#### ABOUT THIS TASK
Reproduce the entries exactly, but keep the pictures out of the copy.

* * * * * * * * *

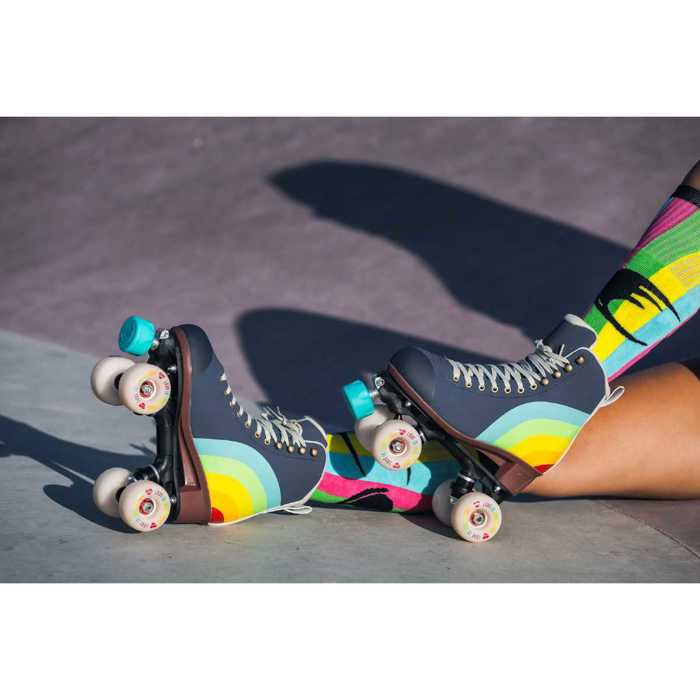 CHAYA Melrose Elite Love is Love Quad Patinia - Ble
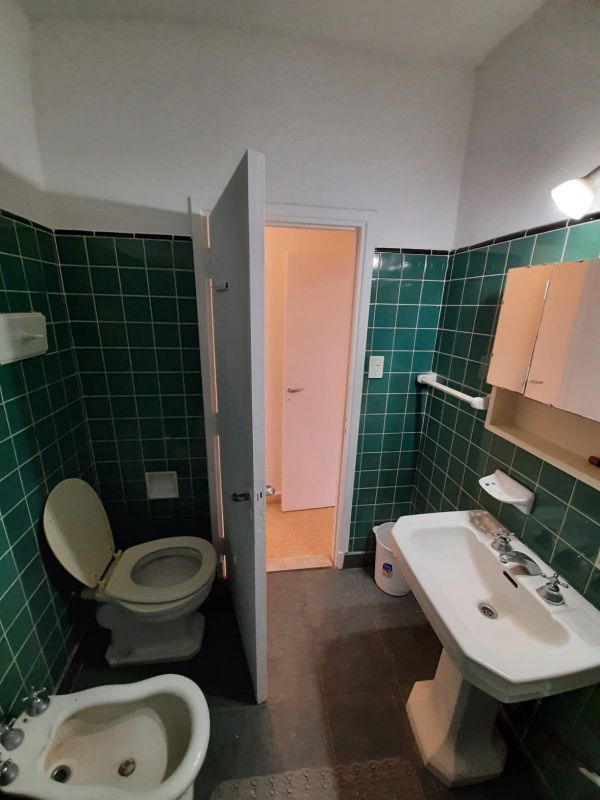 aparopropiedades - Departamento de 2 ambientes en el centro de Quilmes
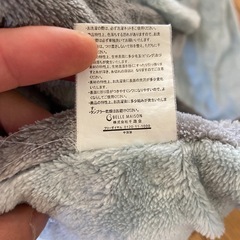 コタツ机　コタツ布団とセットの画像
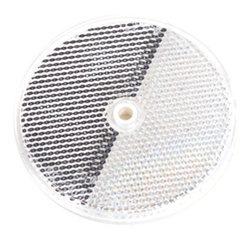 Replacement 3" Reflector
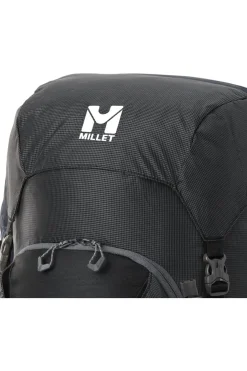 Best Millet Tourpack Hiker Air 30 Black/Black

* * * * * * * * *

#### THE COMPLETED TASK
 CHAYA Melrose Elite Love is Love Quad Patinia - Ble
 aparopropiedades - Departamento de 2 ambientes en el centro de Quilmes
 コタツ机　コタツ布団とセットの画像
 Replacement 3" Reflector
 Best Millet Tourpack Hiker Air 30 Black/Black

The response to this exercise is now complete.